My question is how does it work for this case? How 0 < 0 == 0 is considered False?
>>> 0 < 0 == 0
False
>>> (0) < (0 == 0)
True
>>> (0 < 0) == 0
True
>>> 0 < (0 == 0)
True
I believe Python has special case handling for sequences of relational operators to make range comparisons easy to express. It's much nicer to be able to say 0 < x <= 5 than to say (0 < x) and (x <= 5).
These are called chained comparisons. And that's a link to the documentation for them.

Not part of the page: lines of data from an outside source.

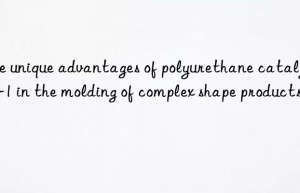 The unique advantages of polyurethane catalyst A-1 in the molding of complex shape products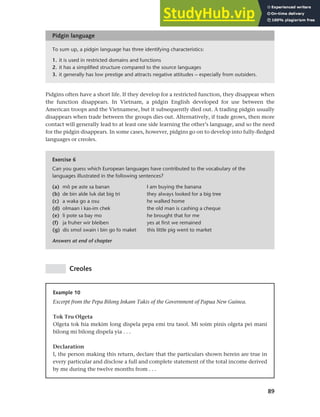 89
Chapter 4 Linguistic varieties and multilingual nations
To sum up, a pidgin language has three identifying characteristics:
1. it is used in restricted domains and functions
2. it has a simplified structure compared to the source languages
3. it generally has low prestige and attracts negative attitudes – especially from outsiders.
Pidgin language
Exercise 6
Can you guess which European languages have contributed to the vocabulary of the
languages illustrated in the following sentences?
(a) mô pe aste sa banan I am buying the banana
(b) de bin alde luk dat big tri they always looked for a big tree
(c) a waka go a osu he walked home
(d) olmaan i kas-im chek the old man is cashing a cheque
(e) li pote sa bay mo he brought that for me
(f) ja fruher wir bleiben yes at first we remained
(g) dis smol swain i bin go fo maket this little pig went to market
Answers at end of chapter
Example 10
Excerpt from the Pepa Bilong Inkam Takis of the Government of Papua New Guinea.
Tok Tru Olgeta
Olgeta tok hia mekim long dispela pepa emi tru tasol. Mi soim pinis olgeta pei mani
bilong mi bilong dispela yia . . .
Declaration
I, the person making this return, declare that the particulars shown herein are true in
every particular and disclose a full and complete statement of the total income derived
by me during the twelve months from . . .
Pidgins often have a short life. If they develop for a restricted function, they disappear when
the function disappears. In Vietnam, a pidgin English developed for use between the
American troops and the Vietnamese, but it subsequently died out. A trading pidgin usually
disappears when trade between the groups dies out. Alternatively, if trade grows, then more
contact will generally lead to at least one side learning the other’s language, and so the need
for the pidgin disappears. In some cases, however, pidgins go on to develop into fully-fledged
languages or creoles.
Creoles
 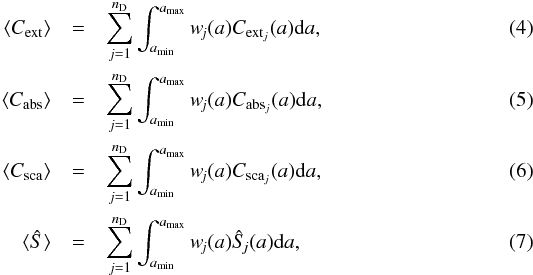Mathematical equation: \begin{eqnarray} \langle C_\text{ext}\rangle &=& \sum_{j=1}^{n_\text{D}}\int_{a_\text{min}}^{a_\text{max}}w\!_j(a)C_{\text{ext}_j }(a){\rm d}a, \\ \langle C_\text{abs}\rangle &=& \sum_{j=1}^{n_\text{D}}\int_{a_\text{min}}^{a_\text{max}}w\!_j(a)C_{\text{abs}_j }(a){\rm d}a, \\ \langle C_\text{sca}\rangle& =& \sum_{j=1}^{n_\text{D}}\int_{a_\text{min}}^{a_\text{max}}w\!_j(a)C_{\text{sca}_j }(a){\rm d}a, \\ \langle \hat{S}\rangle &=& \sum_{j=1}^{n_\text{D}}\int_{a_\text{min}}^{a_\text{max}}w\!_j(a)\hat{S} \!_j(a){\rm d}a, \end{eqnarray}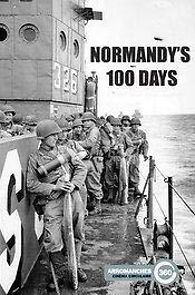 Watch Normandy's 100 Days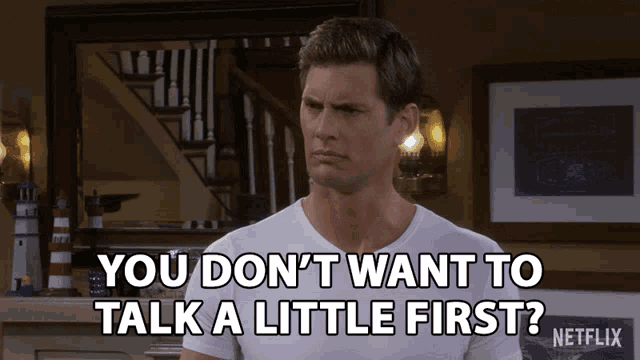 a man says " you don t want to talk a little first "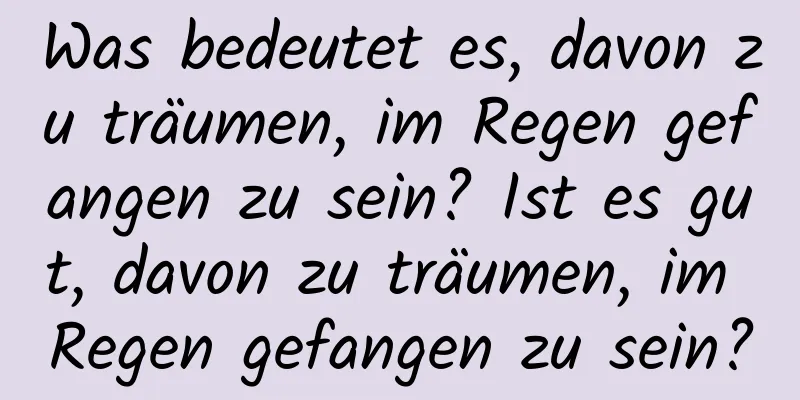 Was bedeutet es, davon zu träumen, im Regen gefangen zu sein? Ist es gut, davon zu träumen, im Regen gefangen zu sein?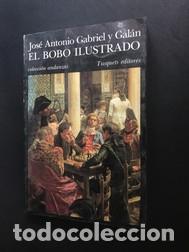Libros: Jos&eacute; Antonio Gabriel y Gal&aacute;n - El Bobo ilustrado - Foto 1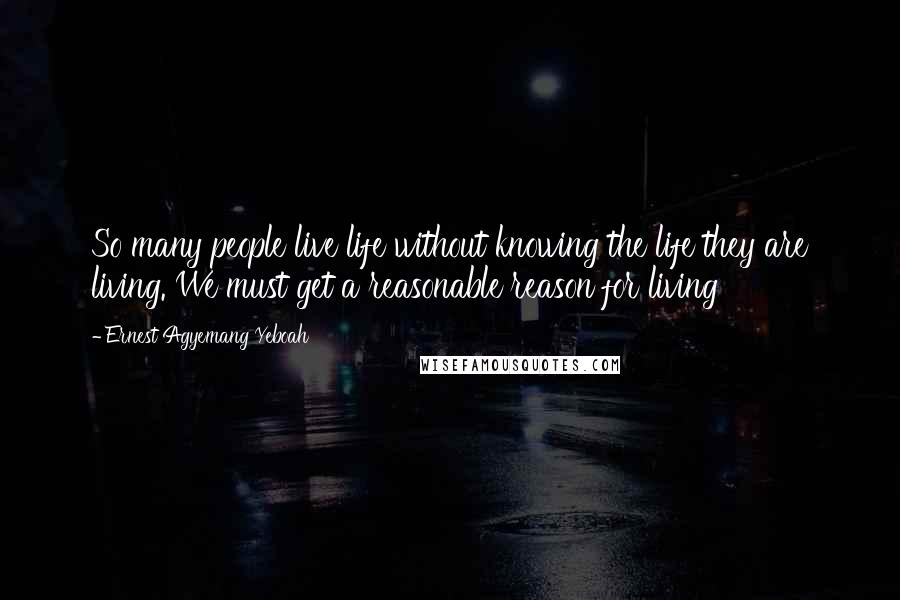 Ernest Agyemang Yeboah Quotes: So many people live life without knowing the life they are living. We must get a reasonable reason for living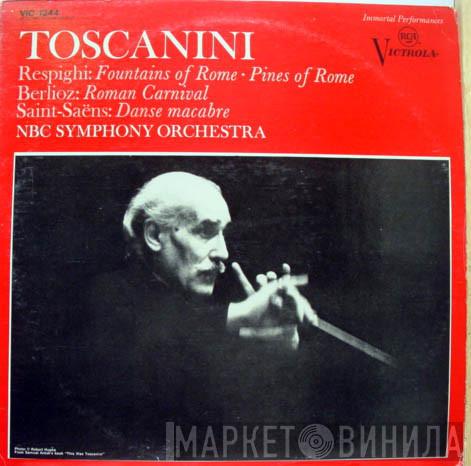 - Arturo Toscanini / Ottorino Respighi / Hector Berlioz - Camille Saint-Saëns  NBC Symphony Orchestra  - Fountains Of Rome • Pines Of Rome / Roman Carnival / Danse Macabre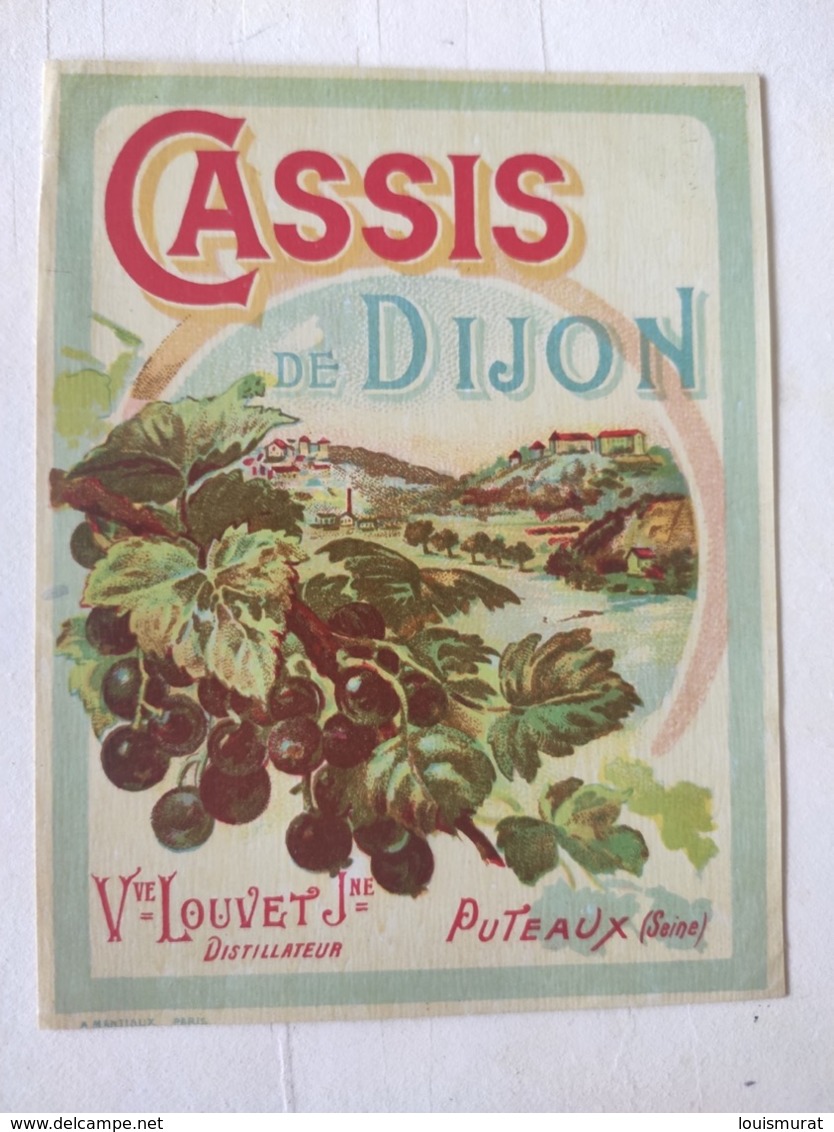 Magnifique étiquette Ancienne - Alcool Apéritif - Cassis De Dijon - Veuve Louvet Distillateur Puteaux - NEUF - Other & Unclassified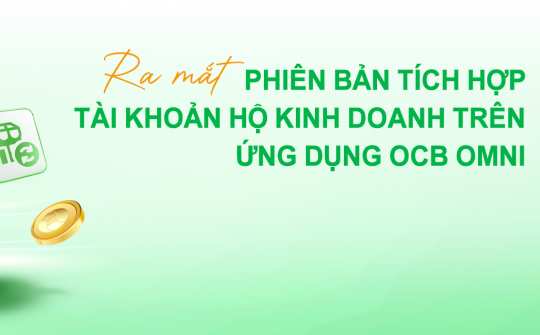 OCB ra mắt tài khoản hộ kinh doanh và tách lệnh chuyển tiền trên OCB OMNI
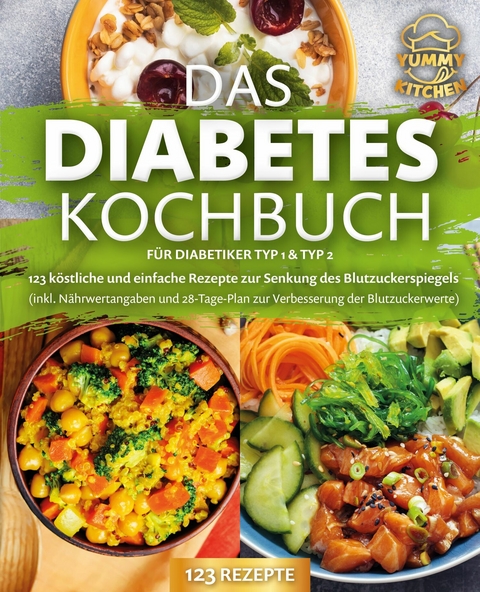 Das Diabetes Kochbuch für Diabetiker Typ 1 & Typ 2: 123 köstliche und einfache Rezepte zur Senkung des Blutzuckerspiegels (inkl. Nährwertangaben und 28-Tage-Plan zur Verbesserung der Blutzuckerwerte) - Yummy Kitchen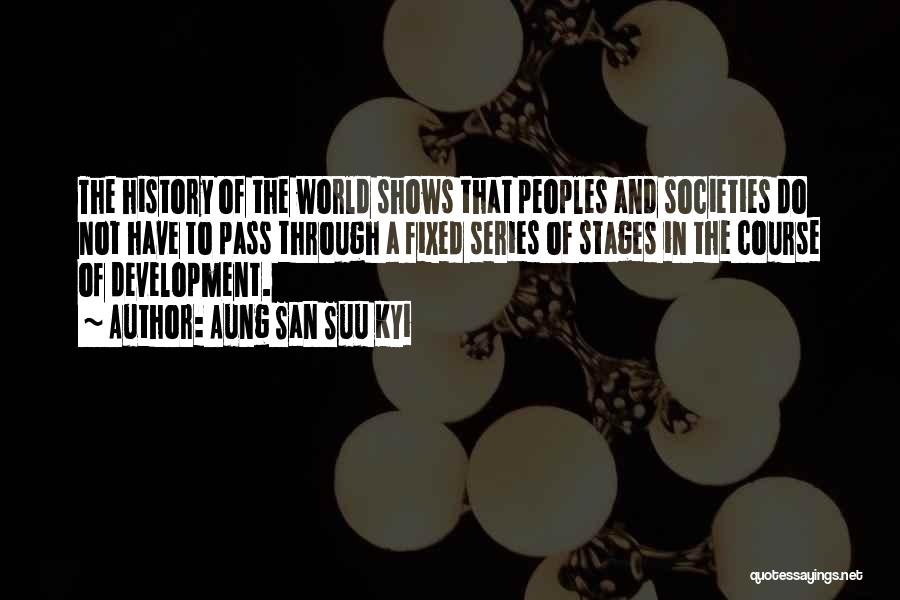 Aung San Suu Kyi Quotes: The History Of The World Shows That Peoples And Societies Do Not Have To Pass Through A Fixed Series Of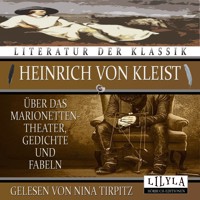 Über dass Marionettentheater, Gedichte und Fabeln - Heinrich Von Kleist - Hörbuch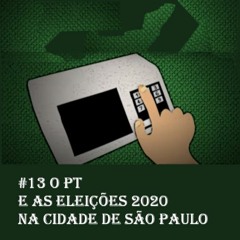 #13 O PT e as eleições 2020 na cidade de São Paulo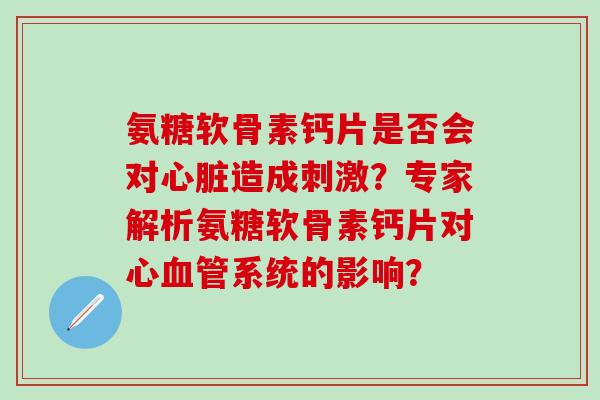 氨糖软骨素钙片是否会对造成刺激？专家解析氨糖软骨素钙片对心系统的影响？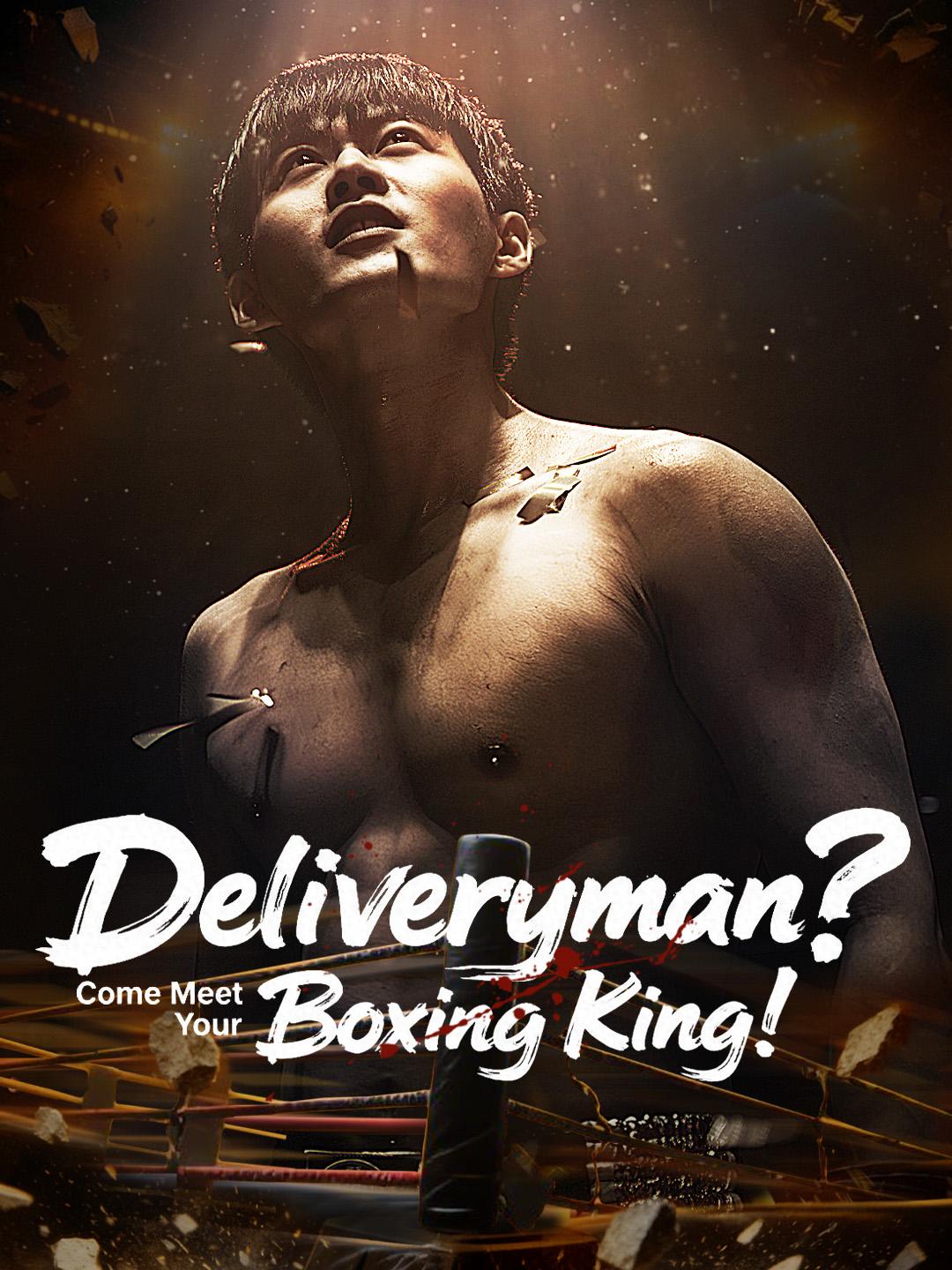 Deliveryman? Come Meet Your Boxing King! poster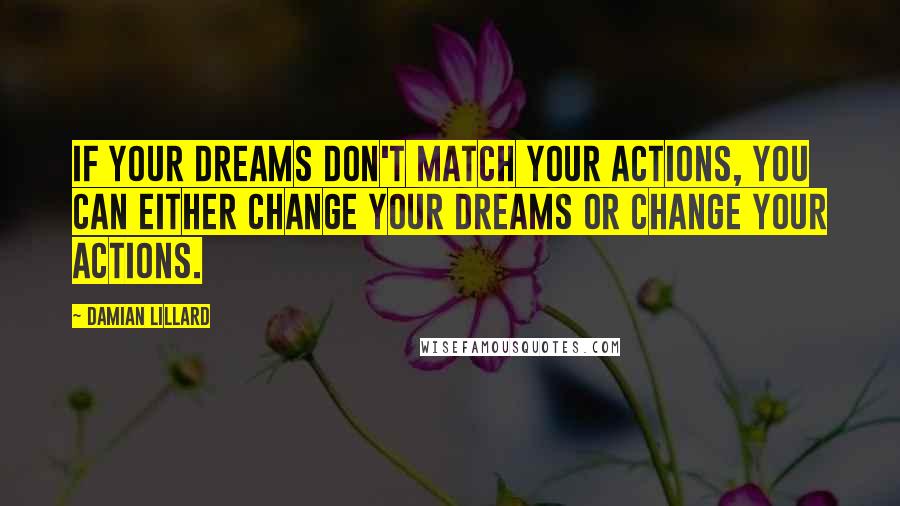 Damian Lillard Quotes: If your dreams don't match your actions, you can either change your dreams or change your actions.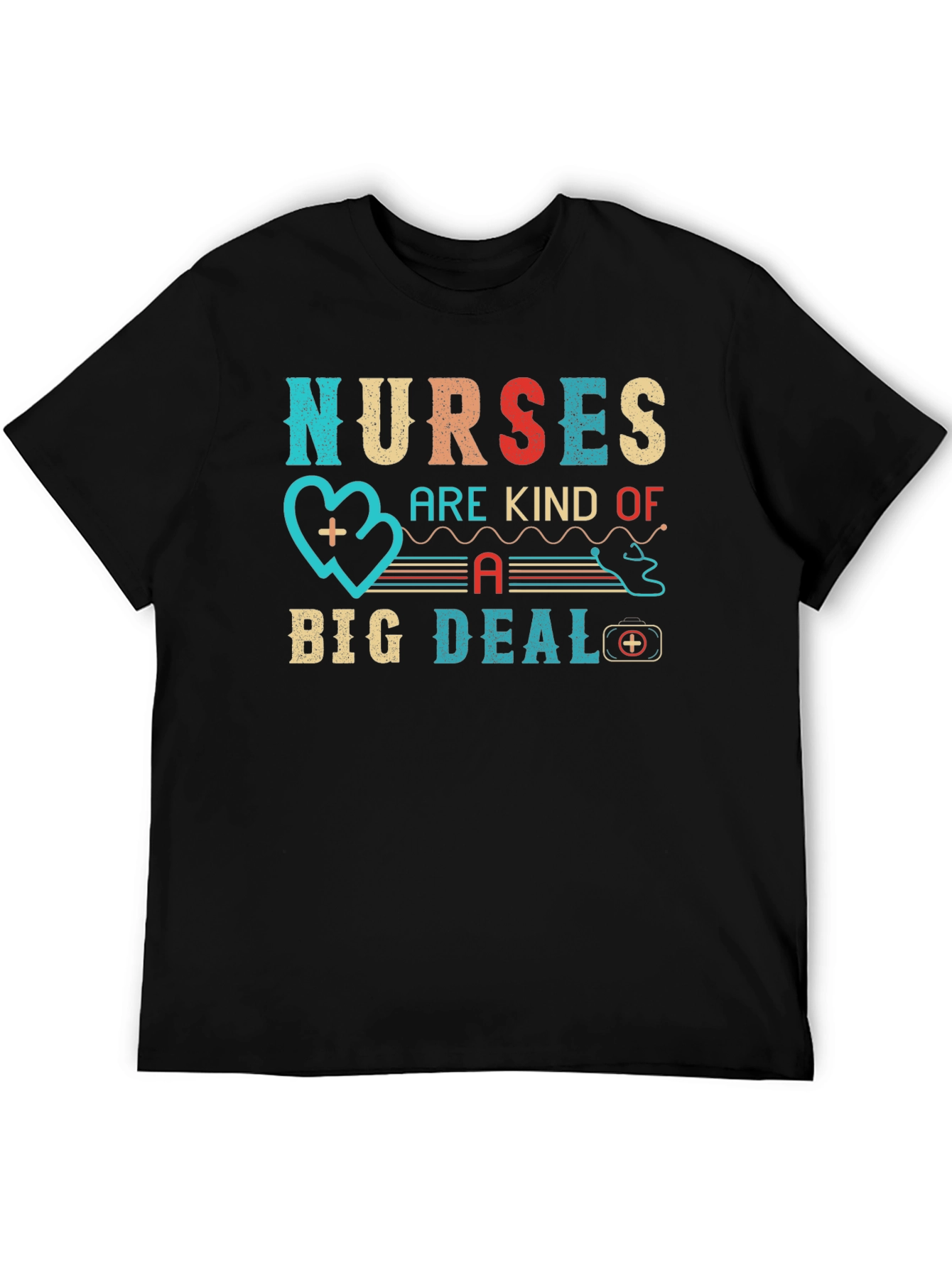 Nurses Are Kind of A Big Deal Graphic T-Shirt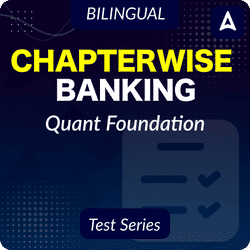 Chapterwise Banking Quant Foundation Test series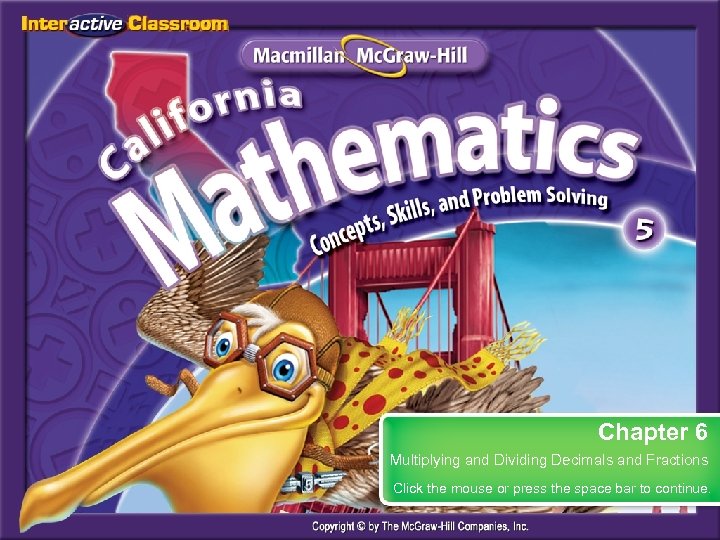 Chapter 6 Multiplying and Dividing Decimals and Fractions Click the mouse or press the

With the other cases you talk about, the parentheses force one relational operator to be applied before the other, and so they are no longer chained comparisons. And since True and False have values as integers you get the answers you do out of the parenthesized versions.
Because
(0 < 0) and (0 == 0)
is False. You can chain together comparison operators and they are automatically expanded out into the pairwise comparisons.
EDIT -- clarification about True and False in Python
In Python True and False are just instances of bool, which is a subclass of int. In other words, True really is just 1.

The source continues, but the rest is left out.